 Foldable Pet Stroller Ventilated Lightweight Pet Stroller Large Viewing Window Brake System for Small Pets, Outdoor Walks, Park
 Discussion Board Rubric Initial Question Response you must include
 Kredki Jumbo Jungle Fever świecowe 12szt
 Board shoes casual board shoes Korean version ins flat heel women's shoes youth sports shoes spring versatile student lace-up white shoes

EXERCISE DIRECTIONS = Reproduce the data in full, exactly as presented.

RESULT OF THIS EXERCISE =
 Foldable Pet Stroller Ventilated Lightweight Pet Stroller Large Viewing Window Brake System for Small Pets, Outdoor Walks, Park
 Discussion Board Rubric Initial Question Response you must include
 Kredki Jumbo Jungle Fever świecowe 12szt
 Board shoes casual board shoes Korean version ins flat heel women's shoes youth sports shoes spring versatile student lace-up white shoes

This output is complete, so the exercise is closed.